======== Provided records

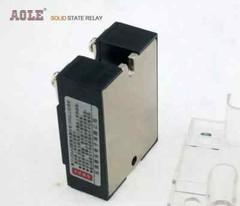 1X Blister pressure regulating SSR-25DV Single-phase solid state relay ASH-40DV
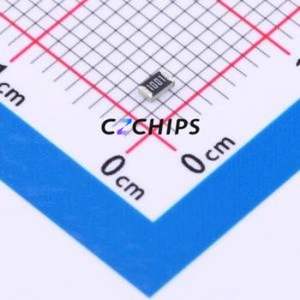 Résistance CMS RTX051001DETP 0805 (Type : Film mince) (Résistance : 1 kOhm Précision : 0,5 %) - Product Image 1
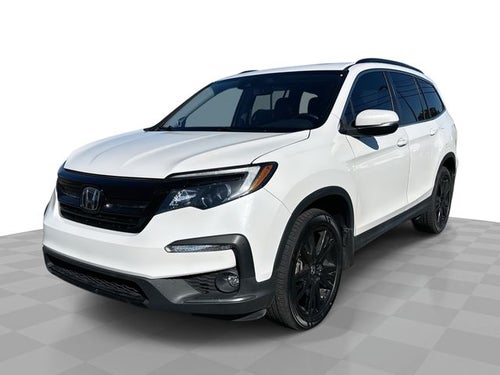 2022 Honda Pilot Special Edition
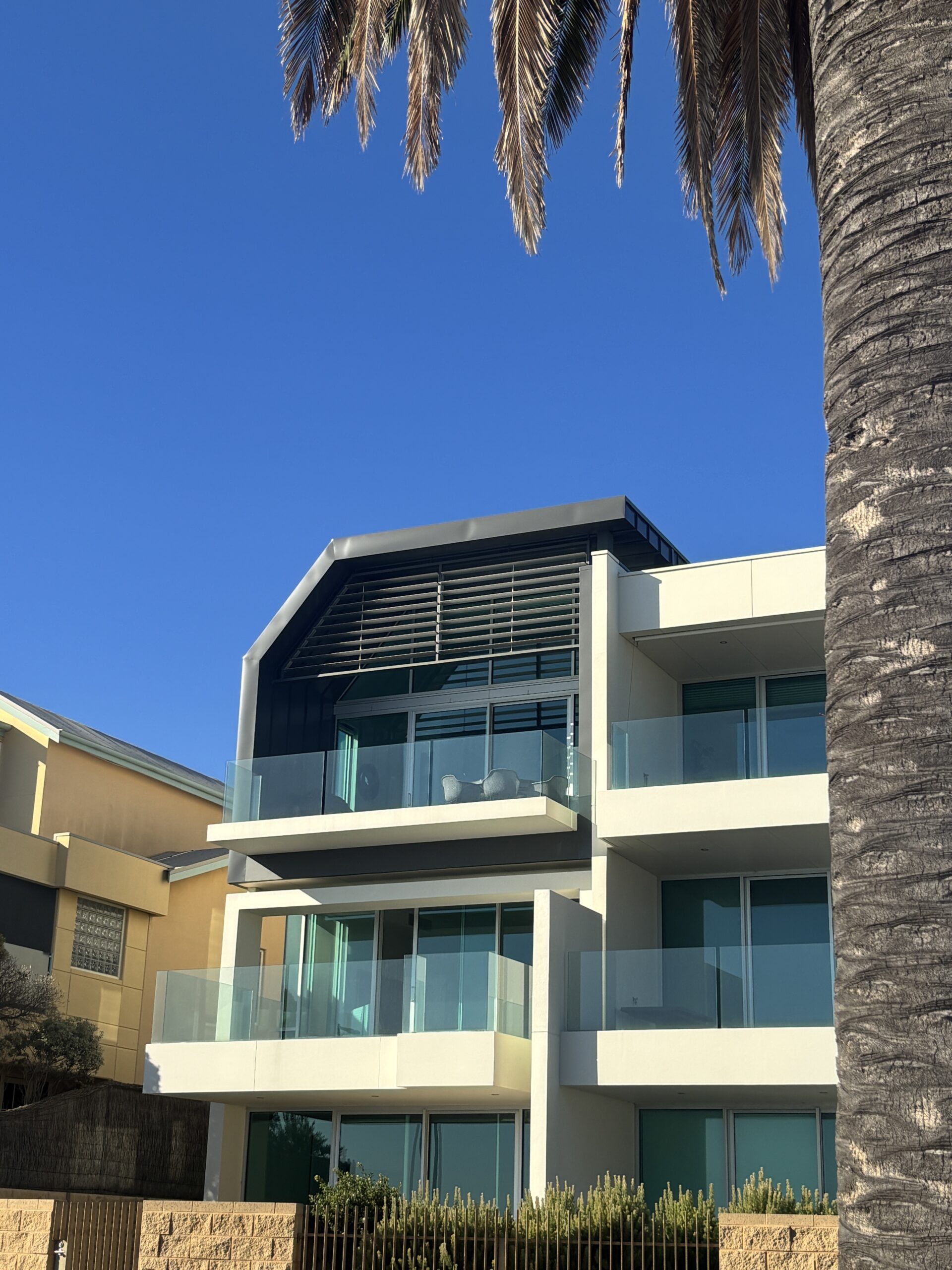 Architectural cladding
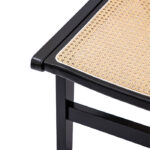 Armchair Merritt Black Rattan_4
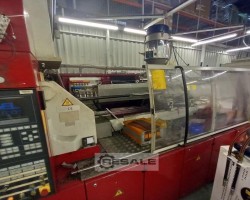 Maschine: ENGEL ES1800/250HL  250 T Spritzgiessmaschinen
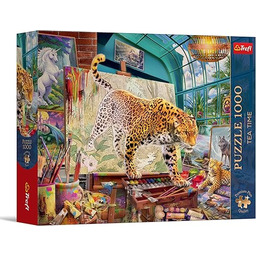 Trefl Premium Plus Quality - Puzzle Tea Time:
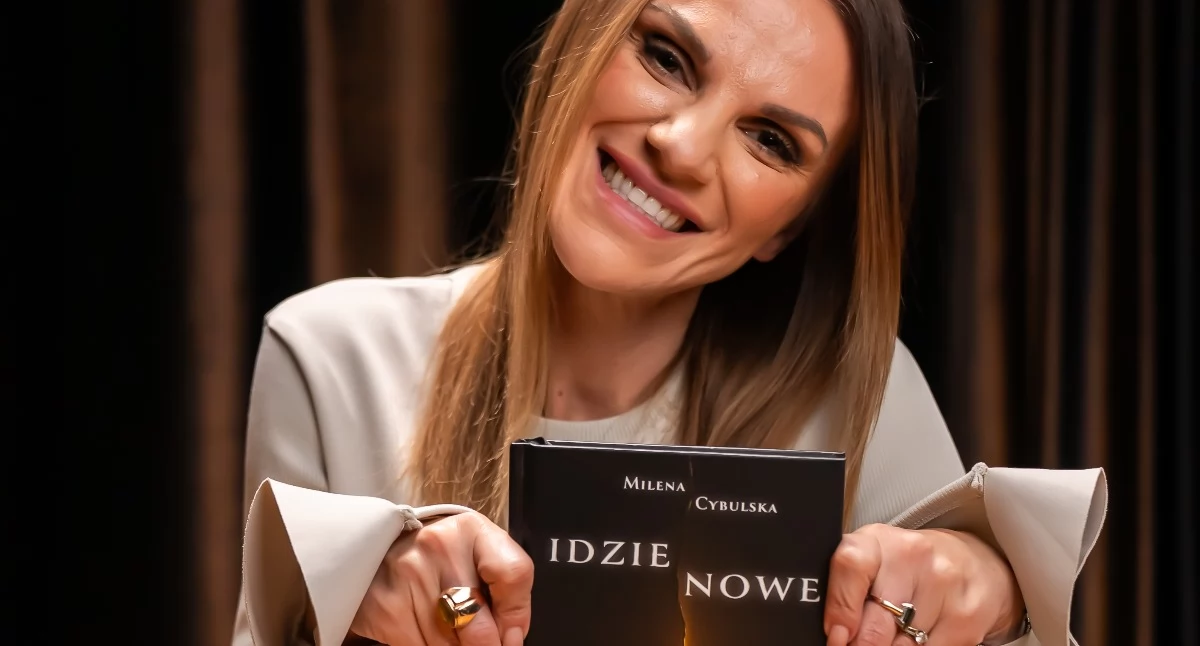 Torunianka Milena Cybulska z nagrodą Osobowość Roku. „To dopiero początek rozmowy”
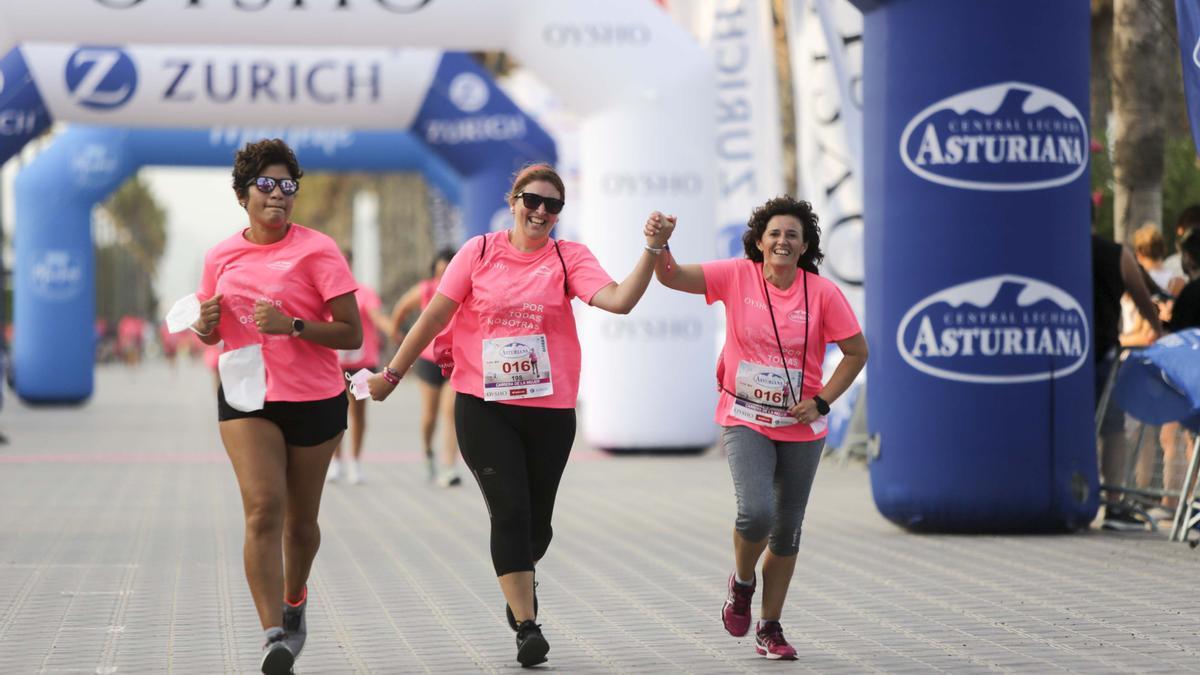 Carrera de la Mujer de València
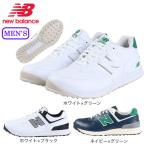 ショッピングnew balance ニューバランス（new balance）（メンズ）ゴルフシューズ スパイクレス UGS574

================

Exercise objective
Each line from the one containing "Carrera de la Mujer de València" through the last line above should be retyped exactly, and no other line. Any picture is to be left out.

Task answer
 Carrera de la Mujer de València
 ショッピングnew balance ニューバランス（new balance）（メンズ）ゴルフシューズ スパイクレス UGS574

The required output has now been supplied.